**EXERCISE DETAILS**
Nothing but a number is expected: the count of lines in the data below that include "einem".
- - - -
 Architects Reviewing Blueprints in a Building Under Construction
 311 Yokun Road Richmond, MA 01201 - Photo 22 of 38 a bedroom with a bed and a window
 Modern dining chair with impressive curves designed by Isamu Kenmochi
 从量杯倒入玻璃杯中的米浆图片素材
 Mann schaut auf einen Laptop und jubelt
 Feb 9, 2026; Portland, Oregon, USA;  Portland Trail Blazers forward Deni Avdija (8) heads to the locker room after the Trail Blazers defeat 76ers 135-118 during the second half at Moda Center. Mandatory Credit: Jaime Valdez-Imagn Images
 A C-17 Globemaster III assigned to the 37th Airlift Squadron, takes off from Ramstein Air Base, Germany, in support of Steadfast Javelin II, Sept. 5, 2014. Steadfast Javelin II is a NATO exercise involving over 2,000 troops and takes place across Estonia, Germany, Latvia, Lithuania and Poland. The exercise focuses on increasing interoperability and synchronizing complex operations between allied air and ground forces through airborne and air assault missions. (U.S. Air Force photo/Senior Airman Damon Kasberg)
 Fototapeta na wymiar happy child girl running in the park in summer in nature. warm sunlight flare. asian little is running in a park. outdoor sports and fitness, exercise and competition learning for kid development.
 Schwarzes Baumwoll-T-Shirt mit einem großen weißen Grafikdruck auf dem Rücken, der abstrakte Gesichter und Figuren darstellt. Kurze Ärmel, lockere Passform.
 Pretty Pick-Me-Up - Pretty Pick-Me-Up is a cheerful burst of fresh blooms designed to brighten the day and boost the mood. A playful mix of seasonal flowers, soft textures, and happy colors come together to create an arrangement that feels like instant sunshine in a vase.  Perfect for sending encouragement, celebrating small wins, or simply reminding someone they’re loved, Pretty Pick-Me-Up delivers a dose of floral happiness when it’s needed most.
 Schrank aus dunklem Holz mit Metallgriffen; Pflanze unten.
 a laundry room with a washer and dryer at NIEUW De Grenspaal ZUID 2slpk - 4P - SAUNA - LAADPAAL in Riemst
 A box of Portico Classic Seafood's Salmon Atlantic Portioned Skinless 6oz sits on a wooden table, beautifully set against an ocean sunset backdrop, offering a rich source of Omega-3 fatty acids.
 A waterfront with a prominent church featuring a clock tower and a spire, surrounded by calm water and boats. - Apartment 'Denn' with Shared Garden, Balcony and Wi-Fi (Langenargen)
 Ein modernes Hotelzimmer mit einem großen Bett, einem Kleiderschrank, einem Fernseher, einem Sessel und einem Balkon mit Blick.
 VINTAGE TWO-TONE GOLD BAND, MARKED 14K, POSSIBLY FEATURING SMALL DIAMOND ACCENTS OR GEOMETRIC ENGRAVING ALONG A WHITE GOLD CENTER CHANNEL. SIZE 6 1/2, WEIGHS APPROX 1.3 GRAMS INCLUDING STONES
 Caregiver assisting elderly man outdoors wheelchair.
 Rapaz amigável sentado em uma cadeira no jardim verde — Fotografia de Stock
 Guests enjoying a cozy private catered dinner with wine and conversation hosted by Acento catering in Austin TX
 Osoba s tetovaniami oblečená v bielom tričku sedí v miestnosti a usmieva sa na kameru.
- - - -
**WORKED SOLUTION**
2